I am trying to use regex in Java to extract contents out of a multiline string that is between 2 tags. For example, the content may look like this:
--_000_CAKETFEgg78oKKJPNySnxF4BgQoh9ifHP4XzXGeJddUvOtz5wmailgm_
Content-Type: text/plain; charset="iso-8859-1"
Content-Transfer-Encoding: quoted-printable
hello test
...
..
!@#!@%$#^%$&*^(*)*()
..
..
..
..
--_000_CAKETFEgg78oKKJPNySnxF4BgQoh9ifHP4XzXGeJddUvOtz5wmailgm_
Content-Type: text/html; charset="iso-8859-1"
Content-Transfer-Encoding: quoted-printable
hello test<br><br>..<br>!@#!@%$#^%$&*^(*)*()<br>.<br><br>.<br>.<br>.<br><br><br><br>.<br><br>
--_000_CAKETFEgg78oKKJPNySnxF4BgQoh9ifHP4XzXGeJddUvOtz5wmailgm_
I want to extract just the contents between the --_000_CAKETFEgg78oKKJPNySnxF4BgQoh9ifHP4XzXGeJddUvOtz5wmailgm_ boundaries.
I used a regular expression that looks like this: --_000_CAKETFEgg78oKKJPNySnxF4BgQoh9ifHP4XzXGeJddUvOtz5wmailgm_\n?[.\n]+\n?--_000_CAKETFEgg78oKKJPNySnxF4BgQoh9ifHP4XzXGeJddUvOtz5wmailgm_
But it doesn’t work. What should my regular expression be to extract the content? Also, when extracting, would the boundary tags be included together with the content?

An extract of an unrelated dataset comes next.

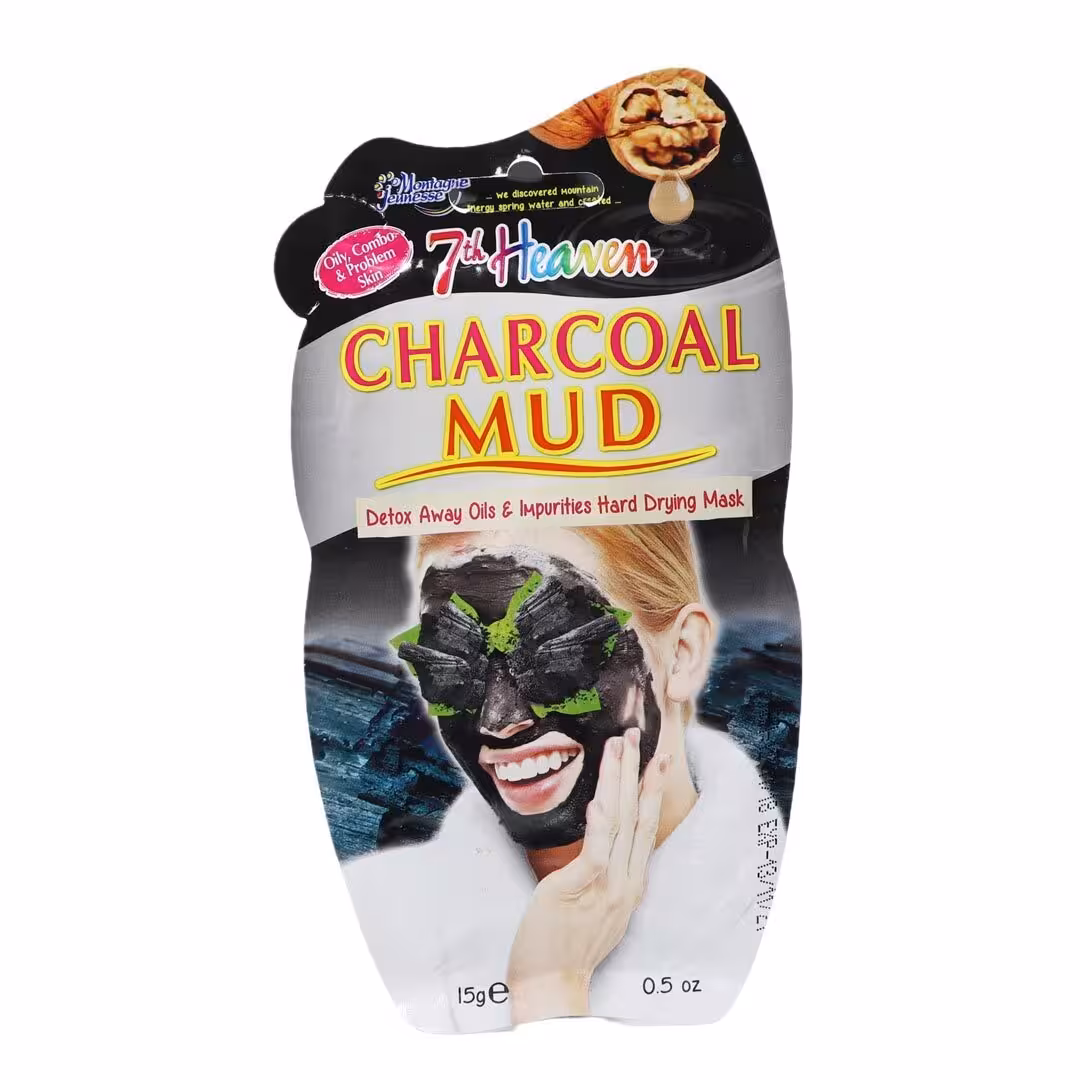 سون هیون ماسک گلی ذغال پوست چرب و مختلط و آسیب دیده 15 گرم CHARCOAL MUD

I would highly recommend not to use regular expressions for parsing. They are not well suited for that. Just write a parser that iterates over your input, searches for the start tag, sets a flag, records all following lines, recognizes the end tag and resets the flag. Easily done and much more flexible than regex.